Long story made short - I ended up choosing Python. Intuitively, I strongly
resisted this conclusion. But in the end, it made sense: the syntax is clean
(some would say too rigid, I say that's okay for a teaching language), it's
pretty hard to obfuscate the code (unlike Perl), you can do "import turtle"
and voila it's Logo, and there are plenty of tutorials and books geared
towards beginners including young children.

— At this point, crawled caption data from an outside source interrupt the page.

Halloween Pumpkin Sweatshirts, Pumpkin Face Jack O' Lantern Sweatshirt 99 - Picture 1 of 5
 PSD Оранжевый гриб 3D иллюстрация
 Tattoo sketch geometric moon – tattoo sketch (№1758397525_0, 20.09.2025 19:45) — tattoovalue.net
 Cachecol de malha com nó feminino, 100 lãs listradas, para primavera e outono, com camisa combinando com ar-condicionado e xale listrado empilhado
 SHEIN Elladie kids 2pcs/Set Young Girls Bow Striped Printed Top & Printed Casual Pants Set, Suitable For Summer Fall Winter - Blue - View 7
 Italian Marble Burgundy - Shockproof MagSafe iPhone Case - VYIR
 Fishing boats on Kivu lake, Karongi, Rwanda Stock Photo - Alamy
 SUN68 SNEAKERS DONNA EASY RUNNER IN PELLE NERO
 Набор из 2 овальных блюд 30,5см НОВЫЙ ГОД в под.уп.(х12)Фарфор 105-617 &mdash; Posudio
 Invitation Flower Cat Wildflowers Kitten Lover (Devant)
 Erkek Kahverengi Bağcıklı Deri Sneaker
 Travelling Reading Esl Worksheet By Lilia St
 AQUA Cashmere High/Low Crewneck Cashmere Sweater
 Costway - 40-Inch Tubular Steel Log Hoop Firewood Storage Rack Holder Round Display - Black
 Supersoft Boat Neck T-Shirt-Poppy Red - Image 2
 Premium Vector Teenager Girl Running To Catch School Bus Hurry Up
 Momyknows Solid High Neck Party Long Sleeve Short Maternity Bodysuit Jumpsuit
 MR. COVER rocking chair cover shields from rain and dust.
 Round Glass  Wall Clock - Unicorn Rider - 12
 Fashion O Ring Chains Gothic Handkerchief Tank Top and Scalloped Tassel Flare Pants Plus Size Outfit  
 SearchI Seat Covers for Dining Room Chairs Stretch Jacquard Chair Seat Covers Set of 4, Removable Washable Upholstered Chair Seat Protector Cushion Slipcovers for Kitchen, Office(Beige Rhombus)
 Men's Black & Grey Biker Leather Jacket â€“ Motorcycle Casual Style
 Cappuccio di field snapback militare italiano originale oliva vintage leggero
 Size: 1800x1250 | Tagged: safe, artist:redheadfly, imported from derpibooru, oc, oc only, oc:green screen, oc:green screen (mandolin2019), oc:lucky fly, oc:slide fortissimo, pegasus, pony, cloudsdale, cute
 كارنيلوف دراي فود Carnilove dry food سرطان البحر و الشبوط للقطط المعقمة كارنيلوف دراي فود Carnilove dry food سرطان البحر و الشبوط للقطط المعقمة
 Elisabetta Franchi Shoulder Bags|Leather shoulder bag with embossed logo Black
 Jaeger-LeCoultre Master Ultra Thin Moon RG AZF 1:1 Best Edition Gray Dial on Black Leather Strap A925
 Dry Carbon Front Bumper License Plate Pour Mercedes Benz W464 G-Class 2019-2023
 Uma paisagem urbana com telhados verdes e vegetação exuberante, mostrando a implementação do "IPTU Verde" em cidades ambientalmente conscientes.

We had lots of fun doing things like:

>>> import turtle

>>> t = turtle.Pen()

>>> t.forward(50)

>>> t.left(90)

>>> t.forward(50)

I showed him variables, a little bit about strings and lists. Next up: loops,
if/else, etc.

I'm following this book:

[http://www.briggs.net.nz/log/writing/snake-wrangling-for-
kid...](http://www.briggs.net.nz/log/writing/snake-wrangling-for-kids/)

------
BoppreH
There's also a "turtle" module that came included in my Py3k distribution. Not
sure about 2.x versions.

Giving commands like "turtle.forward(10)" opens an asynchronous tk window
showing the "turtle" (an arrow, really) and a line where it has passed. The
window remains open, the focus goes back to the python interpreter, and you
are free to type new commands.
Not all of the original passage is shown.